Bild: Jens Marco Scherf in einer ehemaligen Grundschule, die zu einer Unterkunf…
Röllfeld/Miltenberg taz | Vielleicht ist es ja ein Zeichen von Umsicht und
Verantwortung, Alarm zu rufen, bevor wirklich Land unter ist. Die
Flüchtlingsnotunterkunft im unterfränkischen Röllfeld, Landkreis
Miltenberg, am Rande eines Wohngebiets, zwischen freiwilliger Feuerwehr und
einem Sportgelände, macht jedenfalls nicht den Eindruck, aus allen Nähten
zu platzen. Keine Container, keine Zeltstädte weit und breit. Man wäre fast
dran vorbeigefahren.
Jens Marco Scherf öffnet die Tür zu der ehemaligen Grundschule. Mit seinen
wuscheligen Haaren und dem Achttagebart würde man ihn eher für den Leiter
der Einrichtung halten als für den Landrat.
Scherf hat Alarm gerufen – im zweiten Jahr des Kriegs in der Ukraine, und
in einer Welt, in der über hundert Millionen Menschen auf der Flucht sind.
Er hat nicht polemisch gesagt: „Wir schaffen das nicht.“ Oder: „Wir könn…
nicht allen helfen“, wie es [1][der mittlerweile Ex-Grüne Boris Palmer]
formulierte. Aber Scherf, der einzige grüne Landrat Bayerns, gab die
Stimmung an der Basis schon früh nach oben weiter: Dass die Ehrenamtlichen
nicht mehr können, dass er keine Immobilien mehr für die Erstaufnahme
findet, und dass Schulen und Integrationskurse langsam überlaufen.

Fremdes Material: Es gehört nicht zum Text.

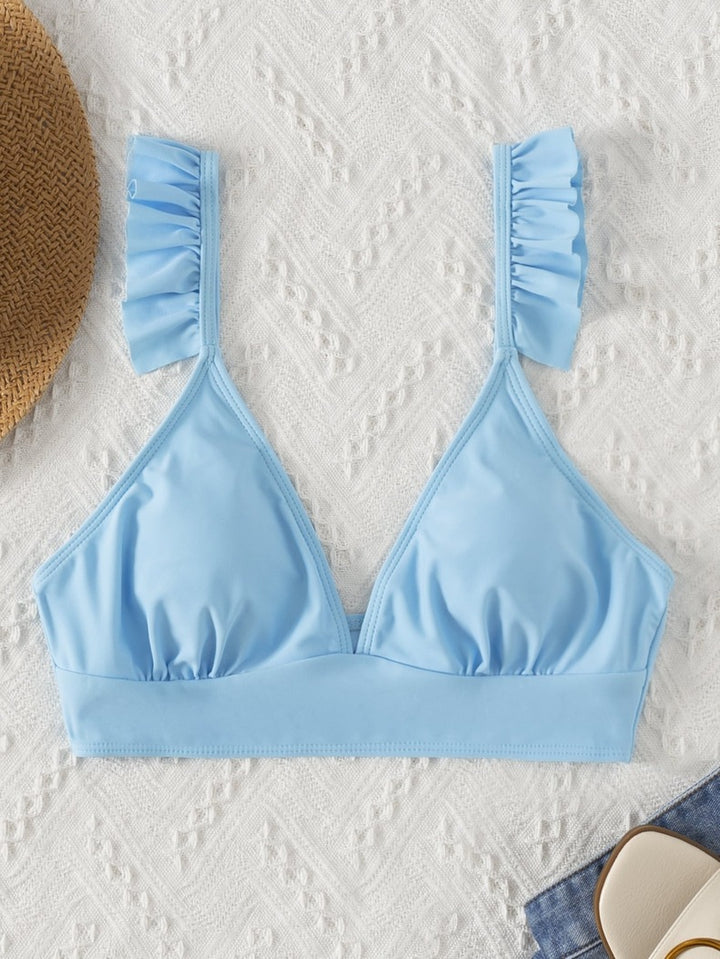 Dame Triangel-Bikini-Top med Ruffle-detaljer Skovae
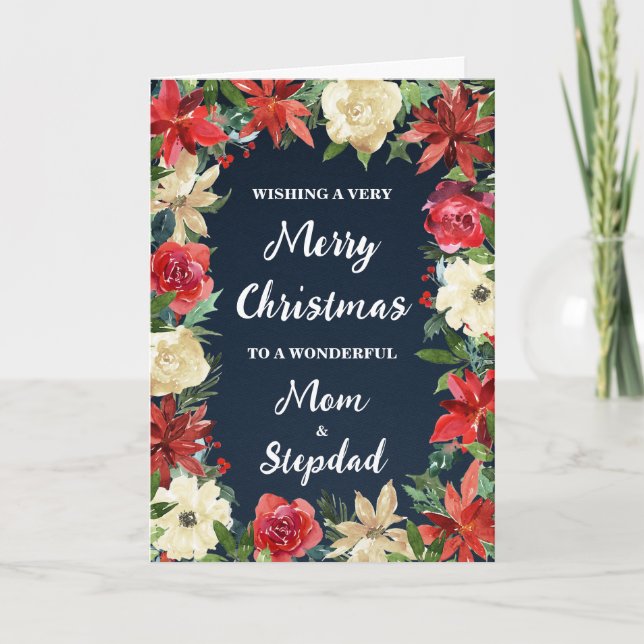 Tarjeta Floral Mom y Stepdad Feliz Navidad (Anverso)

Er stieß auf taube Ohren, sagt er, bis er aus Sicht der Grünen zum
Äußersten ging, sich mit Boris Palmer verbündete und [2][in der Talkshow
von Markus Lanz] zu Gast war. Danach kannte man Jens Marco Scherf
bundesweit.
In der Geflüchteten-Notaufnahme in Röllfeld geht an diesem Tag im März aber
augenscheinlich alles seinen ruhigen Gang. 60 Menschen aus Afghanistan
leben hier. Unten im Parterre haben zwei Familien einen eigenen Bereich,
oben leben die jungen Männer in den alten Klassenzimmern mit sechs oder
acht Betten. Die Jungs würden auch mit anpacken, wenn es was zu tun gibt,
sagen die Mitarbeiter.
Die Haltestelle für den Schulbus, die wegen Befürchtungen der Anwohner vom
Eingang der Unterkunft ein paar Meter die Straße runter verlegt worden ist,
soll wieder zurückkommen. Es gibt hier keinen Ärger, weder mit Gegnern noch
mit den Bewohnern. Alles kein Problem also?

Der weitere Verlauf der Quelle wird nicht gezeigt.